Editorial 4: September 1980
Focus on Multi-ethnic groups
For a long time ethnic minorities have not been able to find themselves positively reflected in books. Things are changing slowly. In this issue of Books for Keeps we focus on multi-cultural books; there’s news of a new NBL Booklist and comment from its compilers, an Authorgraph of Farrukh Dhondy, a Talking Point from Rosemary Stones and lots of information. Don’t think that just because you are miles from a minority community this is not for you. ‘For centuries Britain has been brought up to regard black people as inferior or at best a source of entertainment.’ Words spoken after the April riots in St Paul’s, Bristol. Books helped to create this image, books can help to undo it – in all our minds.
Cover story
A delightfully positive step in the right direction is Mother Goose Comes to Cable Street (Kestrel/Puffin), a collection of nursery rhymes chosen by Rosemary Stones and Andrew Mann, and illustrated by Dan Jones. The illustrations are a joy, full of life and humour, rich in detail and surprises, and all recognisably from London’s East End. Sadly we can’t show you the colour – you’ll just have to rush out and get the new Picture Puffin. 80p’s worth of pure delight.
How to… organise a Christmas Book Fair
We’ve been hearing a lot about your plans for book fairs and book events this term, especially in Children’s Book Week. You’ve positively overwhelmed Margaret Turfrey with requests for Hints for Organisers: unfortunately some of you have been disappointed not to get the ‘free’ authors you would have liked. Sadly there are only a limited number available and some of them get snapped up very early. If you haven’t been lucky, don’t let that stop you having a fair. Authors aren’t everything. See your book supplier about a special display, put the spotlight on hardbacks (everyone should have a hardback for Christmas), get some balloons, badges, posters, stickers, and you’re away. Why not make Secombe’s Selection a feature of your event (page 28)? Do get the children involved – in one school we know the kids are doing their own Book Tower programme for visitors.
More about old favourites, please
You haven’t been writing just about Book Week. Jack Freeborn, headmaster of a junior school in Halifax, writes: `Please can you say a bit more about well-tried old favourites – not every reader knows about them. One teacher of lower juniors recently said to me, “After Dahl’s `Charlie’ books and Stig of the Dump I can’t find any more good ones for reading aloud.”‘ Point taken. We hope top junior teachers found Elaine Moss’s article useful in the July Books for Keeps. We are working on lists for lower juniors. Meanwhile some August reissues in paperback seem just the thing. Penguin are reissuing all Mary Norton’s `Borrowers’ series (75p) with beautiful covers by Pauline Baynes.
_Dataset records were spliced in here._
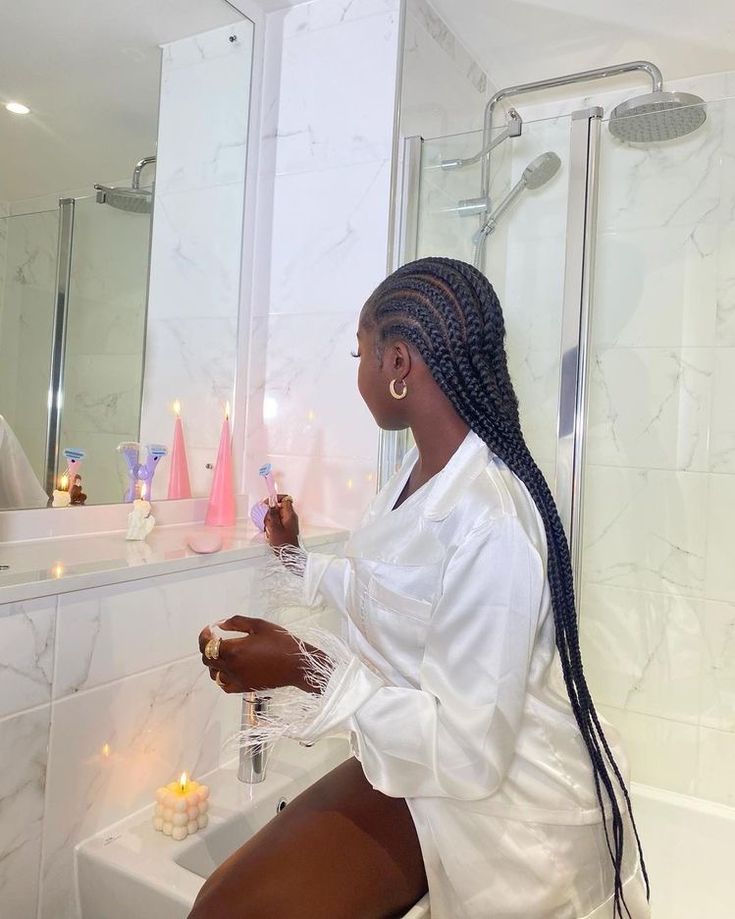 A woman sitting on the edge of a bathtub in a luxurious bathroom, surrounded by candles and soft lighting, wearing a white silk robe with feathered sleeves, creating a serene and indulgent self-care ambiance.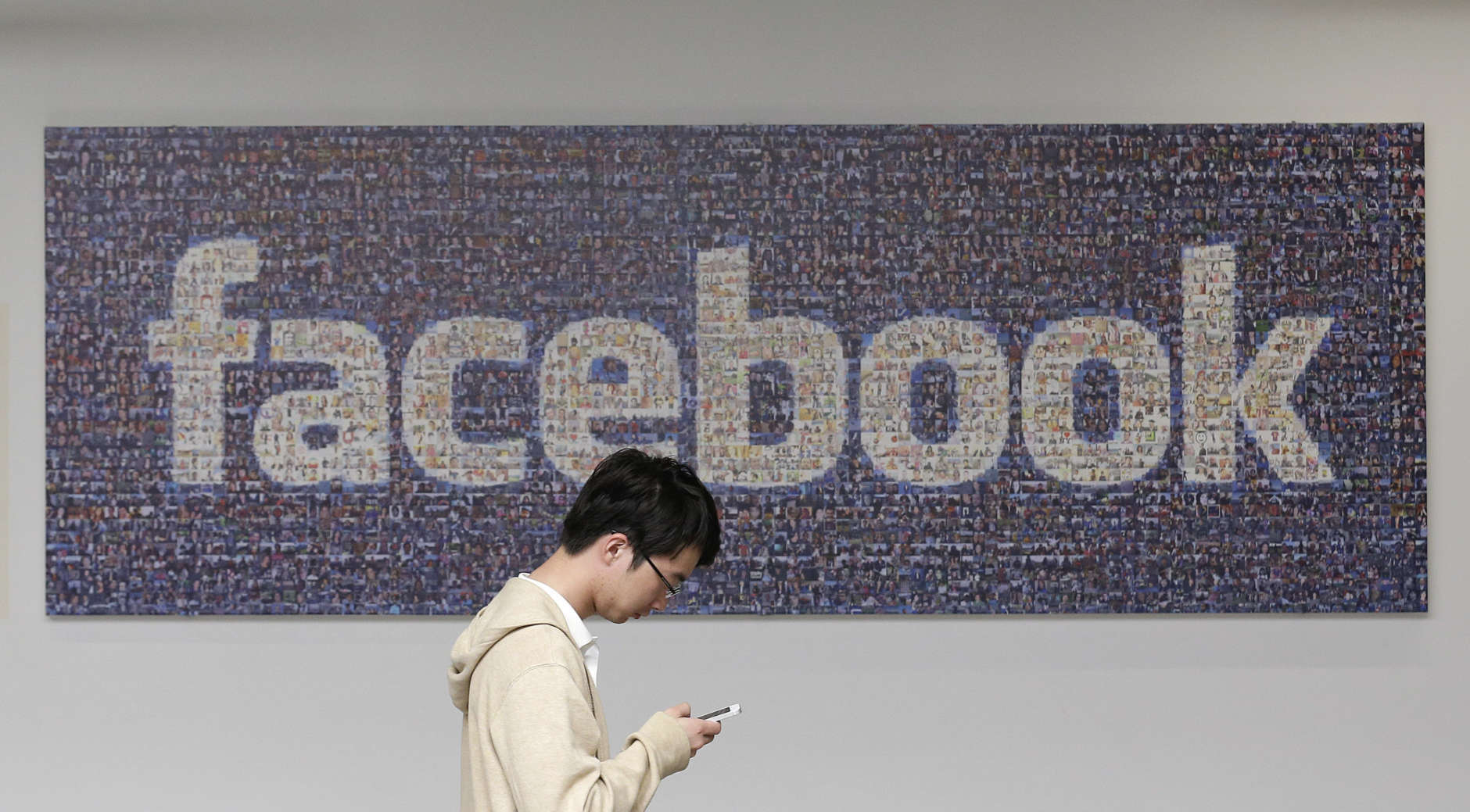 FILE - In this June 11, 2014, file photo, a man walks past a Facebook sign in an office on the Facebook campus in Menlo Park, Calif. Facebook reports financial earnings Wednesday, Jan. 27, 2016. (AP Photo/Jeff Chiu, File)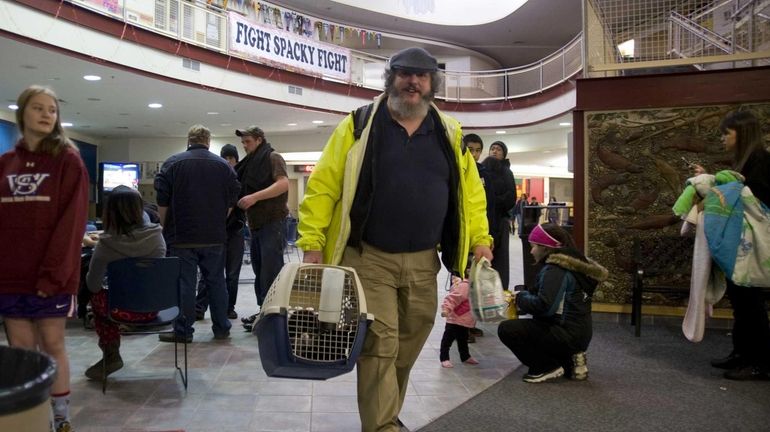 Charles Bingham heads back home with his cats after a...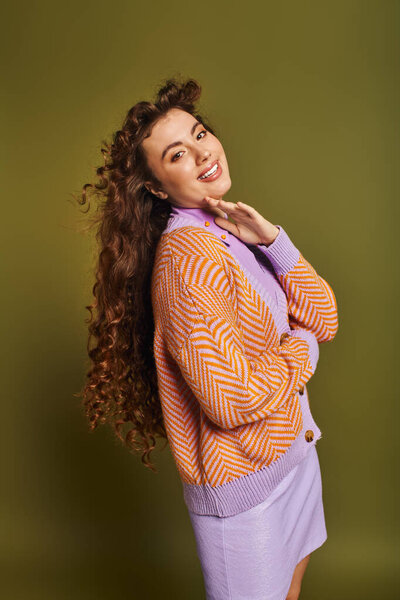 A young woman showcases her trendy outfit with a bright smile, enhancing the lively atmosphere.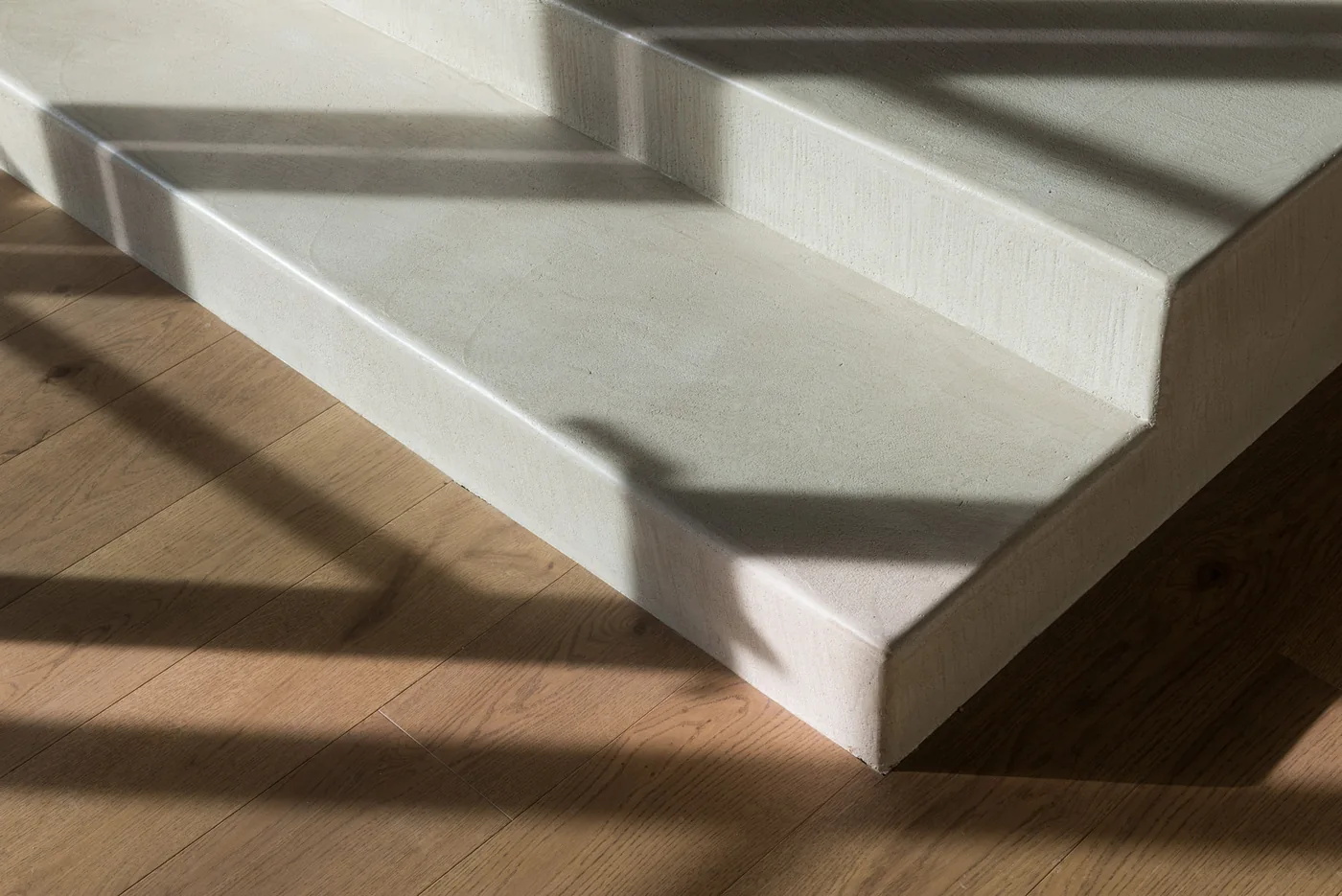 Detailed view of a contemporary stair and oak floor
The first story of these tiny resourceful people who live alongside the `Human Beans’ and `borrow’ our possessions for their everyday needs is told in The Borrowers – a splendid read-aloud (edit the beginning a bit) for lower juniors. If you haven’t read Russell Hoban’s classic The Mouse and his Child (Puffin, 80p), don’t wait any longer. This epic tale of the quest by two clockwork toys to become self-winding and their encounters with Manny Rat cannot fail to move and inspire. Try also Dominic, William Steig (65p), Along Came a Dog, Meindert deJong (75p) and, for slightly younger readers/listeners, Mary-Mary (80p), Joan Robinson’s genuinely funny adventures of the youngest in a family of five who always manages to come out on top (all in Fontana Lions). It’s a vintage month for reprints.
A cry from the heart answered
Claire O’Connor was one of the winners in the 21st W. H. Smith Children’s Literary Competition. Her entry That’s Life is included in Children as Writers (Heinemann, 0 435 13410 8, £2.50). She writes: `Should this experience get you down? Is there something wrong with me? Am I so different that growing up for me is a painful experience? Someone, please, please answer me. I wonder why menstruation is kept so quiet. I wonder and ask why?’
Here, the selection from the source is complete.